◆ **What is needed**: Copy task, pictures excluded: set down exactly the lines from the one containing "Primer of Calculus by Arthur S. Hathaway" to the end of the data below.

◆ **Data entries**:
——

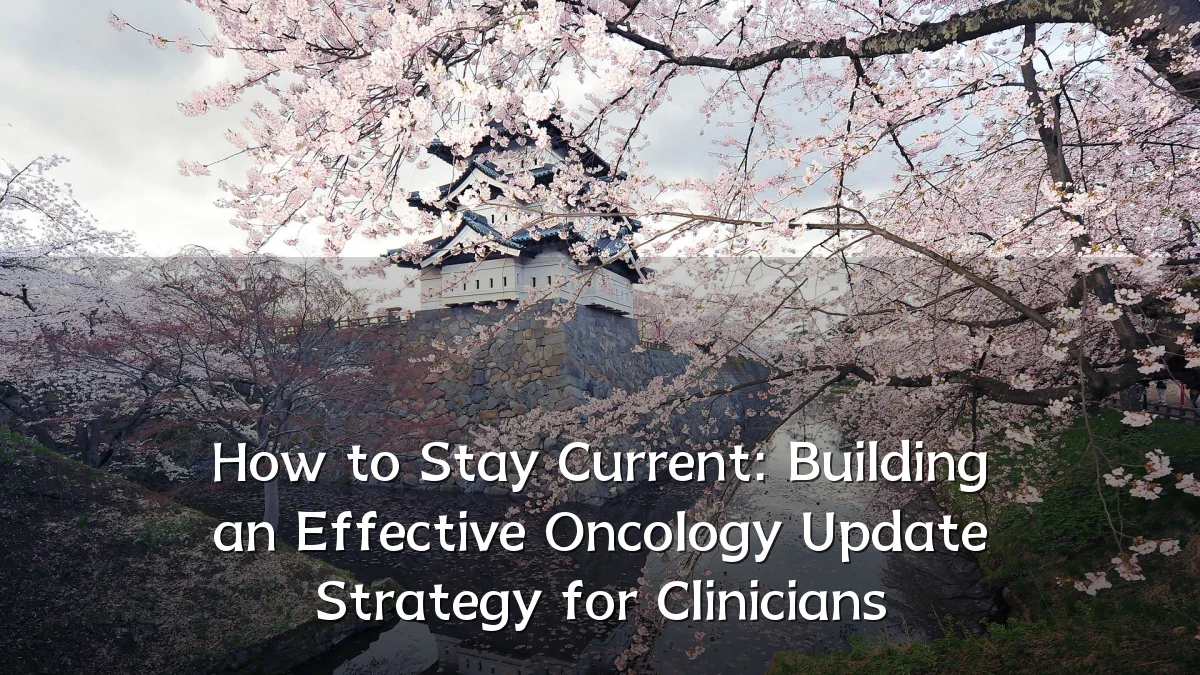How to Stay Current: Building an Effective Oncology Update Strategy for Clinicians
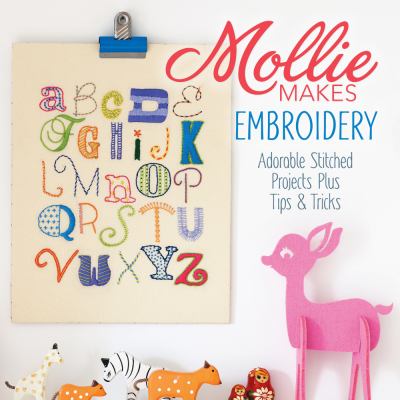 Embroidery : 15 new projects for you to make plus handy techniques, tricks & tips cover image cdn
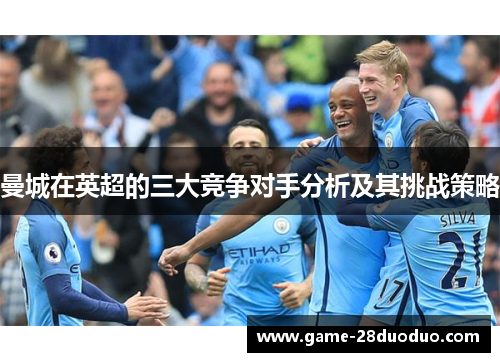 曼城在英超的三大竞争对手分析及其挑战策略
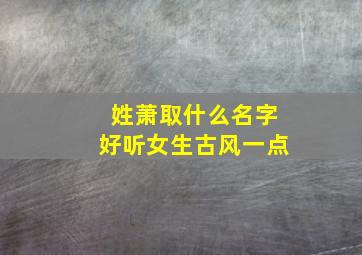 姓萧取什么名字好听女生古风一点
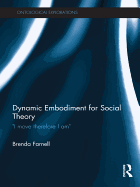 Dynamic Embodiment for Social Theory: I move therefore I am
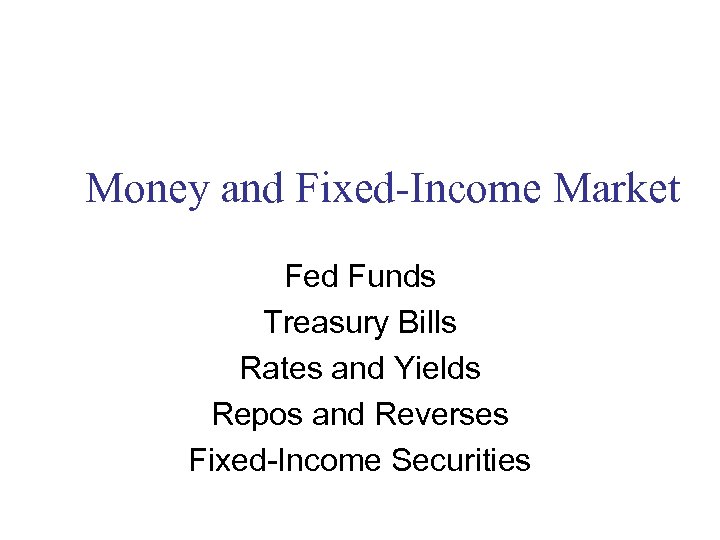 Money and Fixed-Income Market Fed Funds Treasury Bills Rates and Yields Repos and Reverses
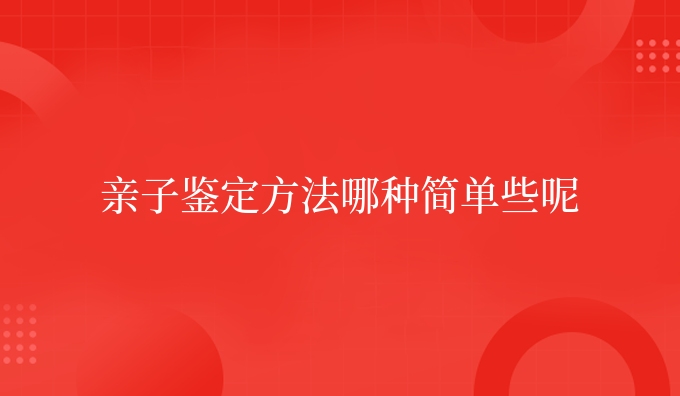 亲子鉴定方法哪种简单些呢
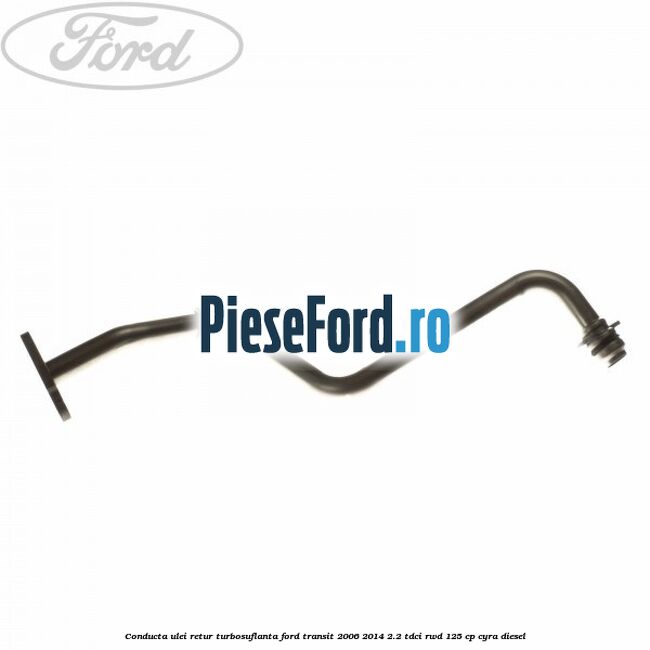 Conducta ulei retur turbosuflanta Ford Transit 2006-2014 2.2 TDCi RWD 125 cp CYRA diesel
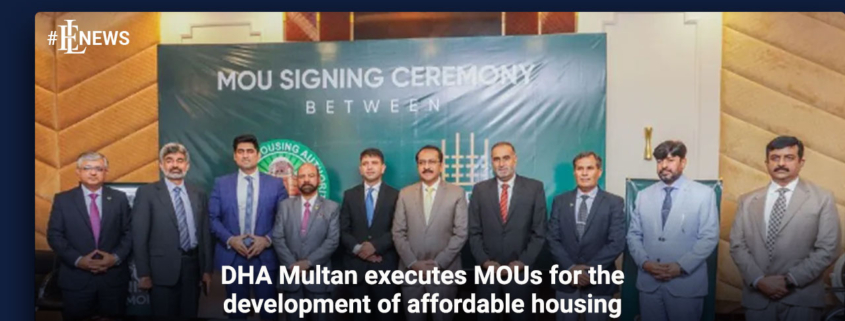 DHA Multan executes MOUs for the development of affordable housing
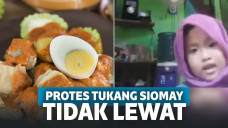 Kesal karena pedagang siomay tidak lewat lagi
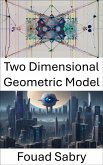 Two Dimensional Geometric Model (eBook, ePUB)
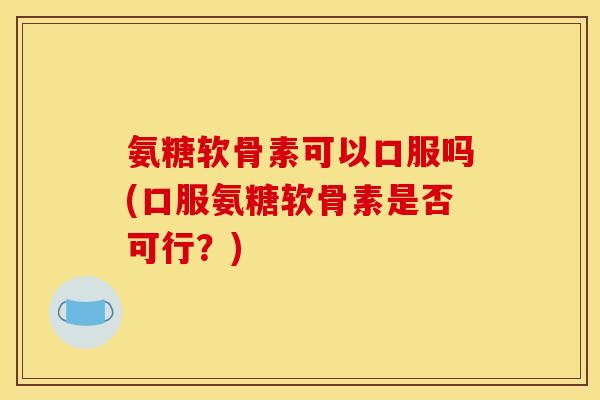 氨糖软骨素可以口服吗(口服氨糖软骨素是否可行？)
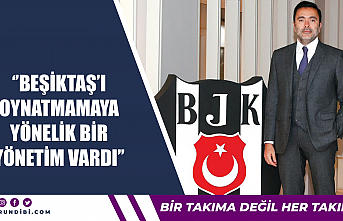 Emre Kocadağ: ''Beşiktaş'ı oynatmamaya...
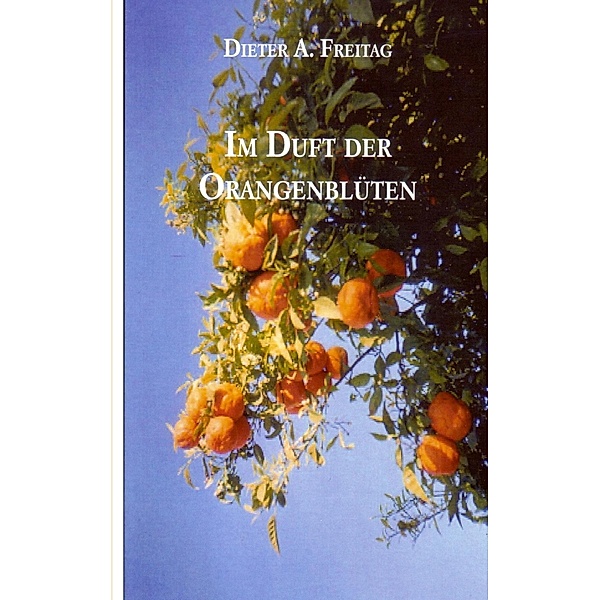 Im Duft der Orangenblüten, Dieter A. Freitag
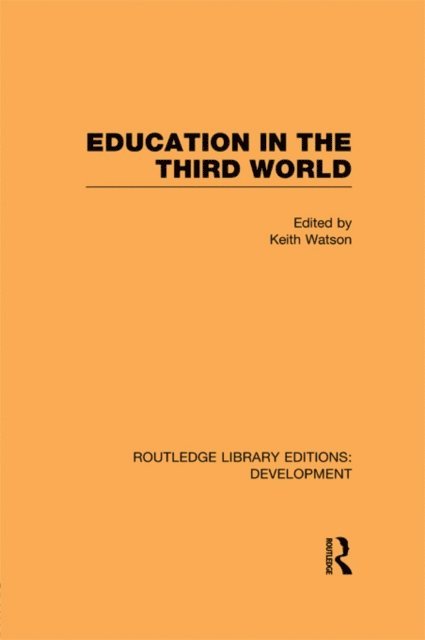 Keith Watson - Education in the Third World, E-bok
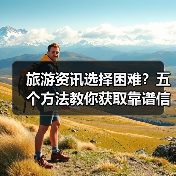 旅游资讯选择困难?五个方法教你获取靠谱信息(图2) 旅游资讯选择困难?五个方法教你获取靠谱信息(图2)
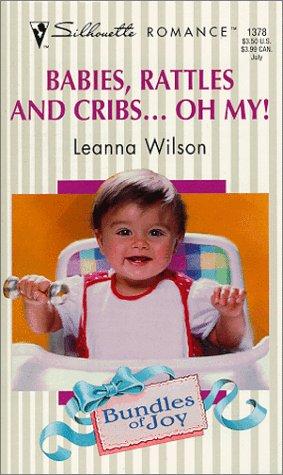 Babies Rattles And Cribs ... Oh My (Bundles Of Joy)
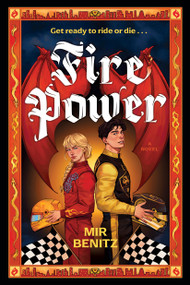Fire Power (A Novel) by Mir Benitz, 9780316611220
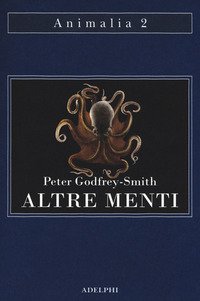 Altre menti. Il polpo, il mare e le remote origini della coscienza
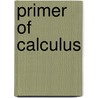 Primer of Calculus by Arthur S. Hathaway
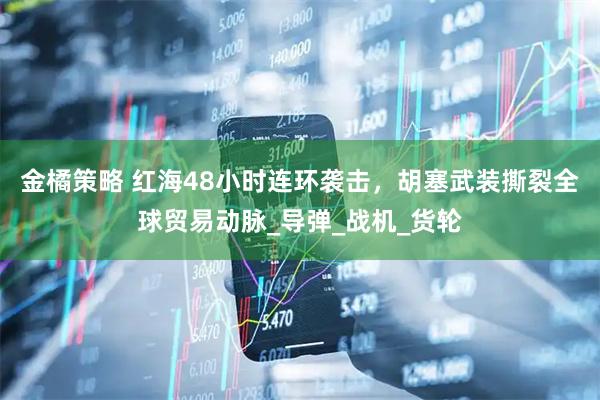 金橘策略 红海48小时连环袭击，胡塞武装撕裂全球贸易动脉_导弹_战机_货轮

——

◆ **Task solution**:
 Primer of Calculus by Arthur S. Hathaway
 金橘策略 红海48小时连环袭击，胡塞武装撕裂全球贸易动脉_导弹_战机_货轮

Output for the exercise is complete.